I would highly recommend not waiting any longer to pack up the remainder of his belongings and get them (at the very least) out of your sight. It is an important step in moving on and also an effective way to grieve and to relieve some of your pent-up emotions...it's going to be hard for awhile yet, unfortunately, but I know we're both going to be OK. Do you have a friend or relative that you can lean on for company and support for the time being? I don't know about your relationship with your mom--mine has been great in terms of hanging out and taking care of me, but we've always been unusually close. I do think it helps if you have one or more people who look after you and try to take your mind off of things while you're going through this horrible time. I know this all sounds a lot easier than it actually is...believe me, I know. I don't feel like I'm really getting all that much better considering how I feel sometimes! But I also have chunks of time, even hours now, where I really don't think about Patrick or the breakup at all :).

You are obviously doing great and extremely strong if you are managing to get through work while going through such a painful ordeal. I know everything seems impossibly hard right now, so try just to get through each task at a time and not allow yourself to think too far into the future (and the past as well!). Over time, it will get a little easier, although I know nothing anyone says right now can really do much to heal your broken heart--if you're feeling like I'm feeling, I know that's true. But you are strong and brave and have so much going for you...there is no doubt in my mind that you will bounce back from this more energized and motivated than ever to find happiness, fulfillment, and love.

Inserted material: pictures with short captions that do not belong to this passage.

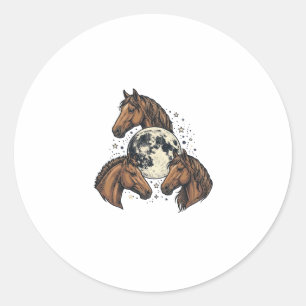 Pegatina Redonda Diseño de camiseta vectorial de caballo luna graba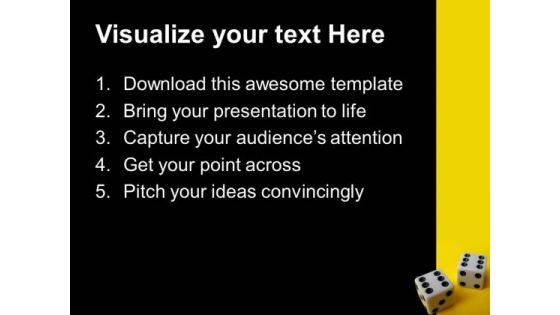 Yellow Dices Game PowerPoint Templates And PowerPoint Themes 0512
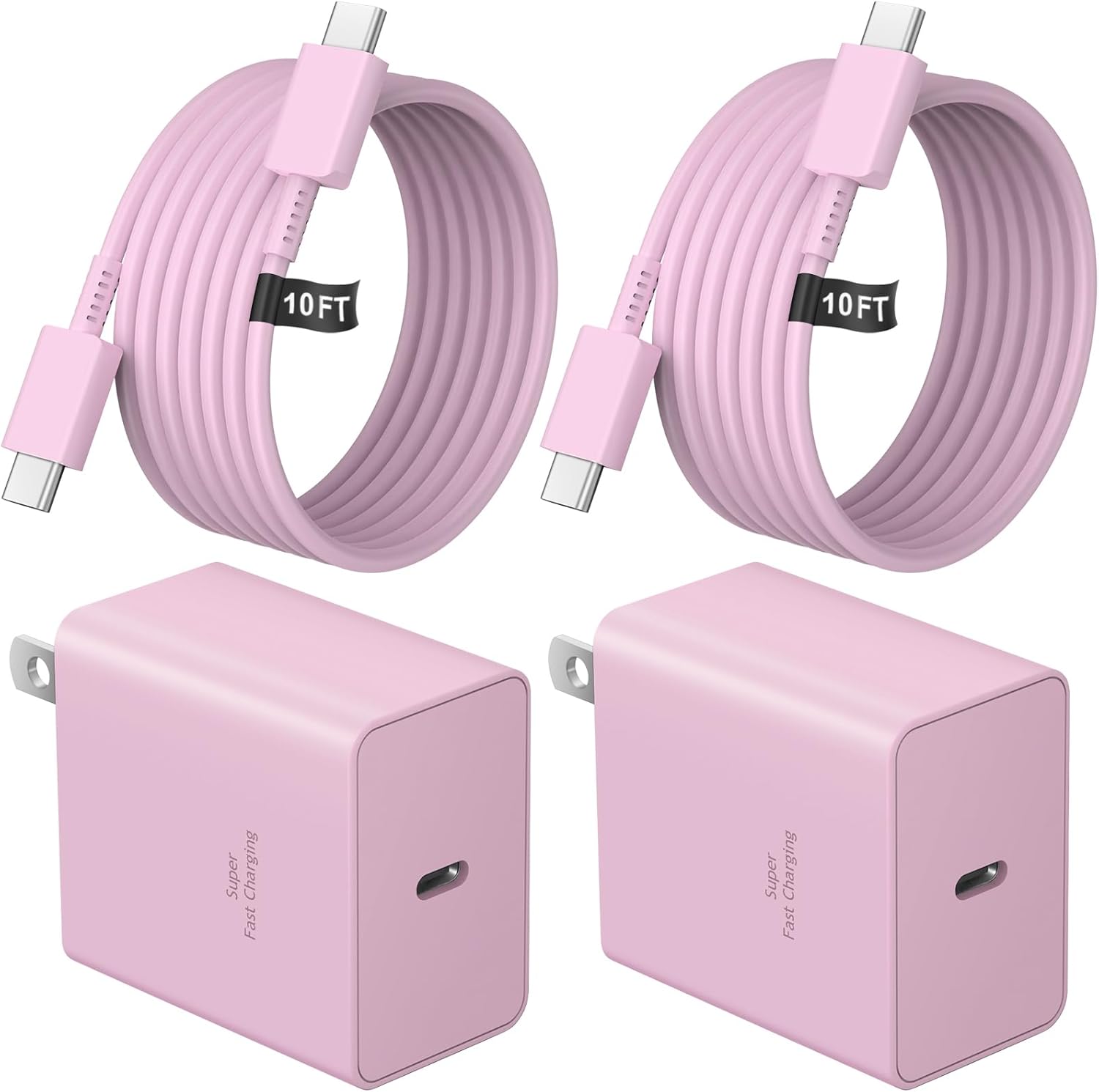 USB C Charger Type C Charger Fast Charging 10FT 45W Samsung Chargers 2-Pack with iPhone Air/17/17 Plus/17 Pro/17 Pro Max/16/16 Plus/16 Pro/16 Pro Max/15/15 Pro Max/iPad Pros/Galaxy S25 S24(Pink)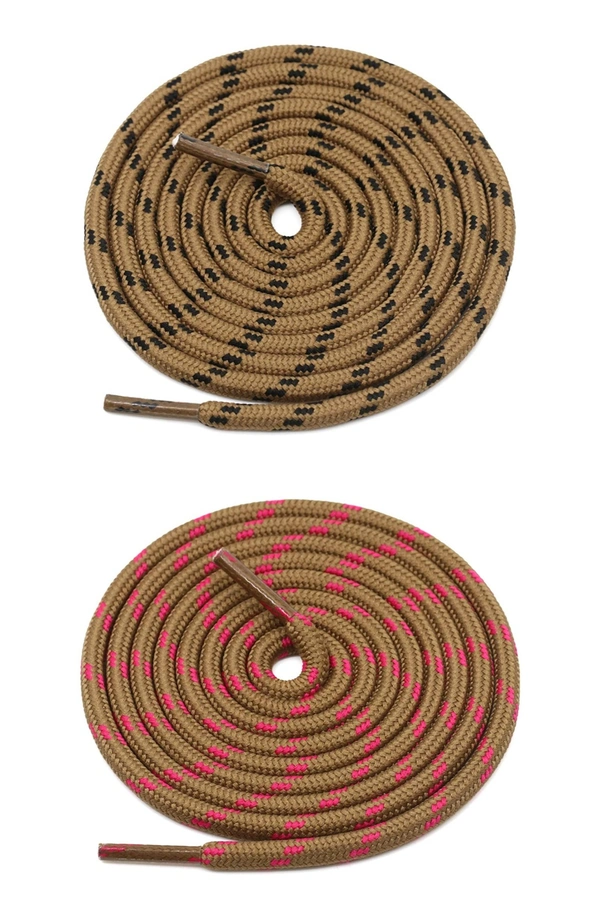 GRAH SANGRAH® (2 Pair) (1 Pair Per Single Color) Shoes Laces Athletic Shoelaces For Sport/Running Shoes Shoe Strings - 120 CM, Brown Black-Brown Rose Red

Oh by the way, I have some good news, finally! :) I had a date tonight that went wonderfully--I really liked the guy a lot and we hit it off great. There are also a half dozen other guys I've been emailing with regularly for awhile now and who I'll probably meet soon. Some are stupid Republican religious guys but the rest of the ones I've been talking to so far seem to be my type. The guy I dated tonight was so polite, sweet, and genuine. He doesn't drink or smoke pot or anything at all but he's quite a character and has a strong personality, just like me and what I like in a guy. Not to mention, he's really hot!! :D I've always been a little bit boy crazy, kind of like guys who just love women, so even while I'm sad, I can still find a pleasant distraction in flirting with sexy men...mmmmm. Well, I'm way off topic here, and off to bed. Have a great day (night?) Storm, and I hope you're feeling a little better.